Continuing a crackdown on alleged mortgage fraud, Massachusetts regulators issued cease-and-desist orders against two mortgage brokerages Monday and shut down a third unlicensed lender. 

Since issuing emergency regulations Sept. 8, the Massachusetts Division of Banks has conducted sweeps looking for instances in which borrowers’ income was inflated to qualify them for loans they could not afford. Surprise inspections have turned up many instances in which falsified documents were used to inflate incomes.

A public hearing on the emergency regulations is scheduled for 10 a.m. Oct. 17 at One South Station, 5th Floor, in Boston. The new regulations would explicitly forbid lenders from falsifying income or asset information, or having borrowers sign blank or incomplete loan applications.

In the latest inspections, cease-and-desist orders were issued against two licensed brokers, Confidence Mortgage and Middlesex Financial Associates LLC, who allegedly falsified information on loan documents. The Division of Banks also determined that Buffalo, N.Y.-based Treasury Financial Group was not licensed to conduct business in Massachusetts, and closed its offices in the state.

In a Sept. 7 inspection of Confidence Mortgages main office in Lawrence, inspectors allegedly found evidence that income had been overstated on at least five loans. In three instances, the company’s employees allegedly altered or redacted documents that verified the income or employment of the loan applicant, regulators said in an Oct. 2 cease-and-desist order.

In an Aug. 30 inspection of Middlesex Financial’s Moultonboro, N.H., office — where the company kept files on loans issued in Massachusetts — and in subsequent visits to an unlicensed branch office in Lowell, investigators said they found discrepancies in loan documents

In six loans involving four condominiums and two homes, three borrowers each obtained loans on two properties, listing each property as their primary residence without disclosing their other mortgage on the other loan application.

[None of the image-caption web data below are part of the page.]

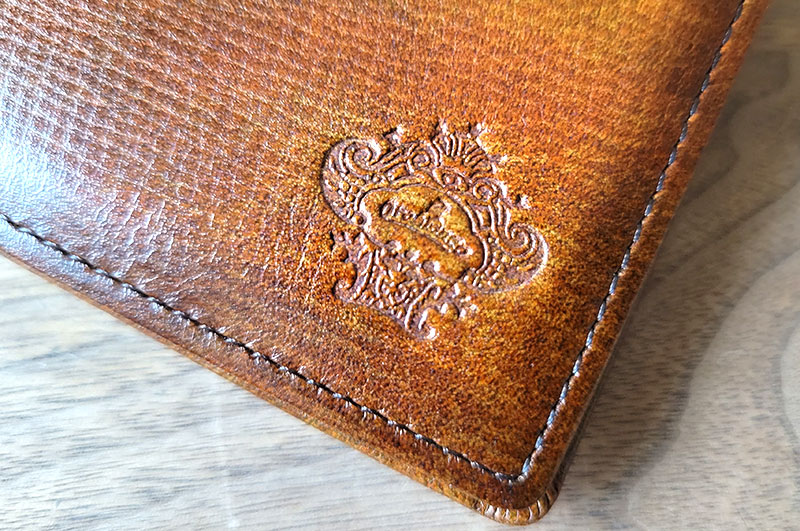 「PATINA ２つ折り財布（ブラウン）」をレビュー　オロビアンコロゴの刻印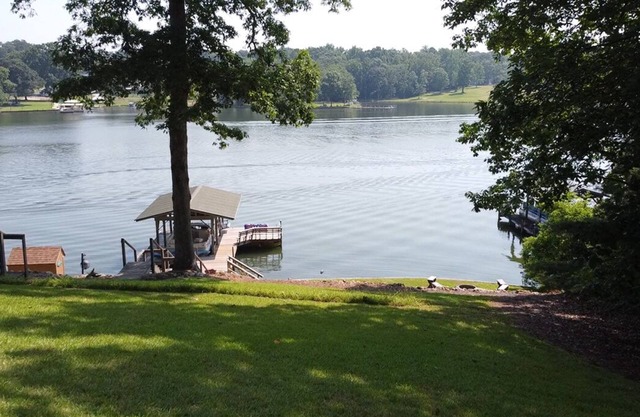 Beau Lakehouse 4 chambres sur une crique en eau profonde sur le lac Greenwood.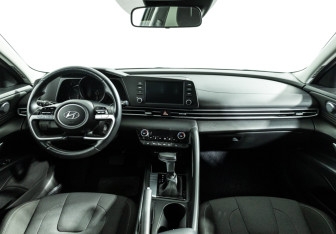 Подержанный автомобиль Hyundai Elantra Sedan 2020 года (13 фото)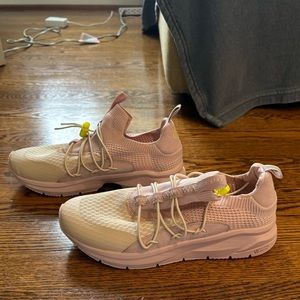 NWT Ollie Gray OG Sneaker in Rose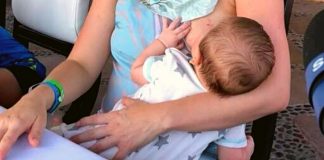 Mãe solicitada a “cobrir” enquanto amamentava seu bebê em público deu uma resposta épica Mãe solicitada a “cobrir” enquanto amamentava seu bebê em público deu uma resposta épica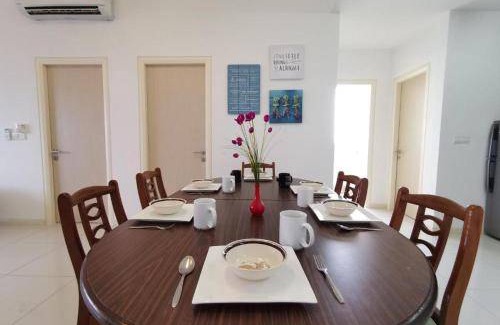 Petaling Jaya Apartment | 93 m² Apartment ∙ 3 bedrooms ∙ 12 guests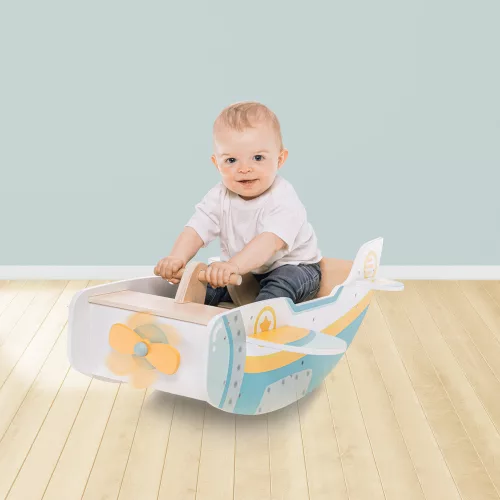 Zopa fa hintázó repülő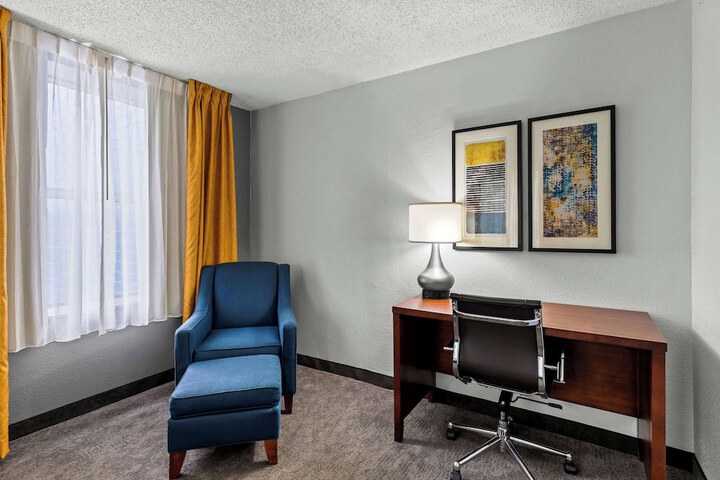 Comfort Inn & Suites Staunton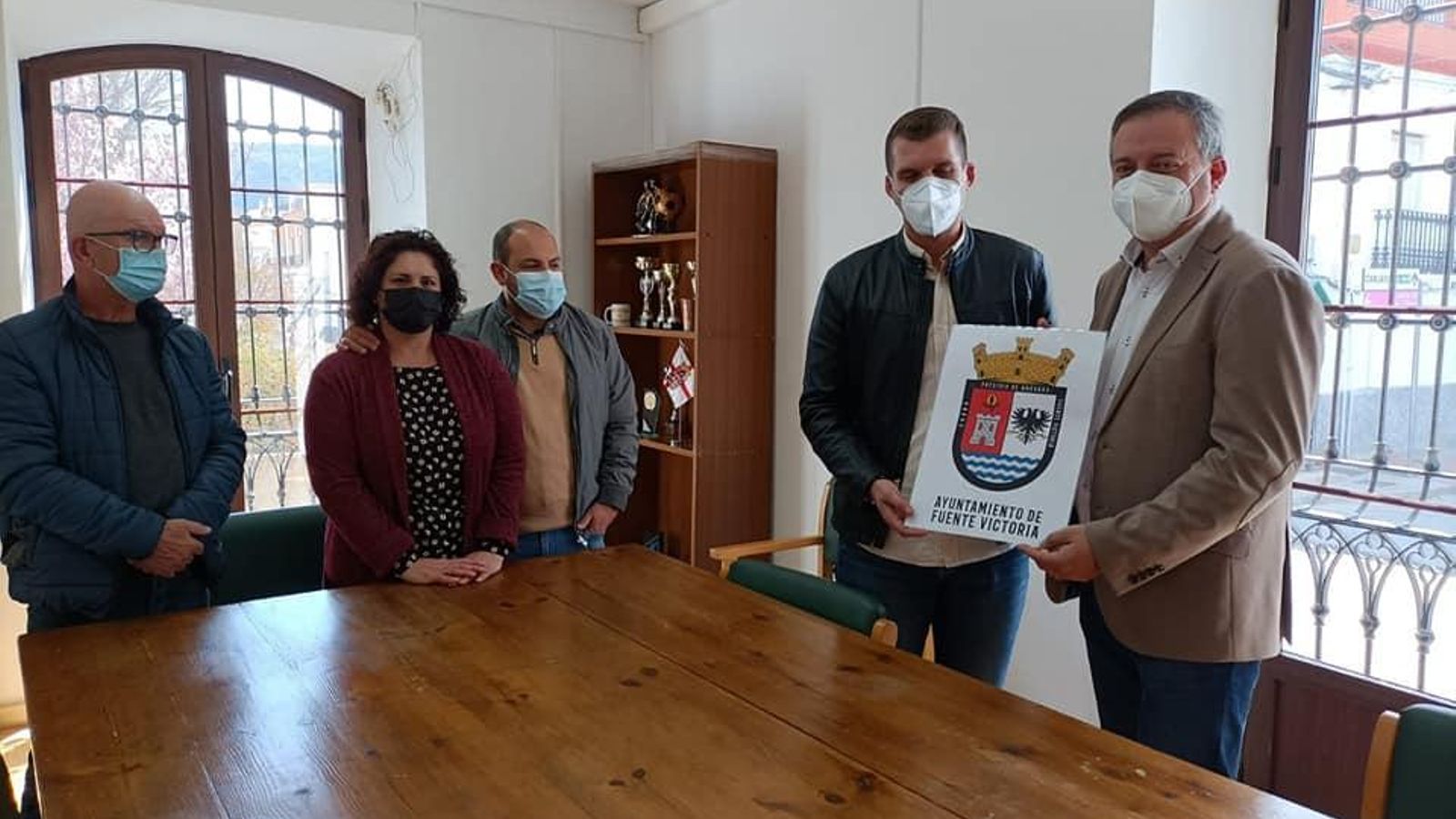 El anterior alcalde de Fuente Victoria presentó su proyecto de escudo en 2022.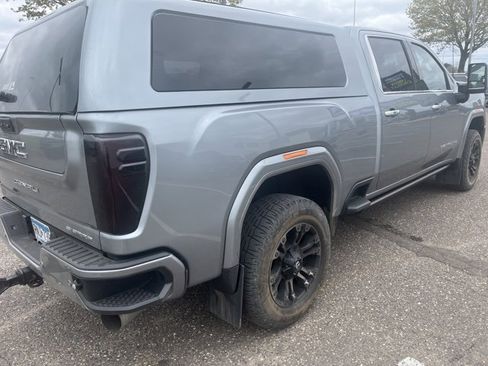 Used 2024 GMC Sierra 2500 Denali Ultimate AWD/4WD image 2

Some of the loan applications also contained false or misleading information about the number of units being purchased, investigators alleged. Four mortgages involving condos, for example, stated the number of units being purchased as three, instead of one.

“Middlesex Financial knew or should have known that the property information reported, specifically the number of units being purchased, the number of units in each property, the mortgage liabilities of the applicant, and a designation as a primary residence would be relied upon in underwriting the mortgage loan by the mortgage lender or financial institution to which the mortgage loan applications were brokered by the Company,” the Division of Banks said in an Oct. 2 cease-and-desist order.

The latest sweeps bring the number of enforcement actions taken by the Division of Banks in recent weeks to 17.